BENTONVILLE -- The trial of the Frisco railroad for failure to maintain the train service required by an act of the legislature between Rogers and Bentonville and other points on the Grove (Okla.) branch came up Monday in Circuit Court here. The road was indicted on two counts and was fined $100 on one count and the other postponed until May 21, on the railroad's promise that the service will be resumed. If the service is resumed, it is said that the fine will be withdrawn, and if the service is not resumed the road will be fined on the second indictment for every day that the service has not been given. There is now maintained on the branch one mixed train each way and the uncertainty of the time of arrival or departure is not only an inconvenience, but the mail service for Bentonville and other points is seriously hampered.

50 years ago

April 24, 1969

• Sparks from an acetylene cutting torch ignited some tar and debris about 12:30 p.m. Wednesday at the construction site of the Union National Bank Building on Louisiana Street between Fourth and Capital streets, causing lots of smoke but not much else.

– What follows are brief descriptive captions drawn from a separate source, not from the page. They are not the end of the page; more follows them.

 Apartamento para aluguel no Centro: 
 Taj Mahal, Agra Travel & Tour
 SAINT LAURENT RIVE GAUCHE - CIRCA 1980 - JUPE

Little Rock Fire Chief Jack Davis said a worker was using the cutting torch on the building's ground level above a pit filled with tar and scraps when sparks from the torch set fire to the tar. ... The fire was about midway in the block and about 30 feet from the street. Pumper units from the Central Fire Station and the station at Ninth and Sherman Streets arrived quickly. Firemen extinguished the fire with the hoses connected to the trucks' water tanks.

25 years ago

April 24, 1994

• Federal labor officials filed suit Friday accusing White County of failing to pay minimum wages and overtime compensation to employees. In a suit filed in federal court in Little Rock, the U.S. Department of Labor said the defendants had unlawfully withheld wages from employees since April 1991. The Labor Department also said the defendants had not kept proper records of the hours worked by county employees and the wages paid to them. The department asked that the defendants be barred from violating federal labor laws and that county employees be paid the wages due them.

10 years ago

April 24, 2009

• Little Rock's Housing Authority will soon take control of assets worth millions of dollars from the nonprofit Neighborhood Builders Inc., according to a settlement agreement the Housing Authority's board of commissioners unanimously approved Thursday. The lawsuit, filed by the Housing Authority in U.S. District Court for the Eastern District of Arkansas, alleged that four former Housing Authority officials created deals that funneled more than $5 million of public housing money to the nonprofit, which they also controlled. The complaint said the former officials then misused profit generated from housing developments built with the public housing money and unjustly compensated themselves. The Housing Authority sought a judge's order granting it control of the nonprofit's assets and repayment of all public funds granted to the nonprofit and its officials dating back to 1996. The settlement agreement doesn't include any repayment of funds but does transfer mortgages and property held by Neighborhood Builders to the Housing Authority. The value of the assets hasn't been determined.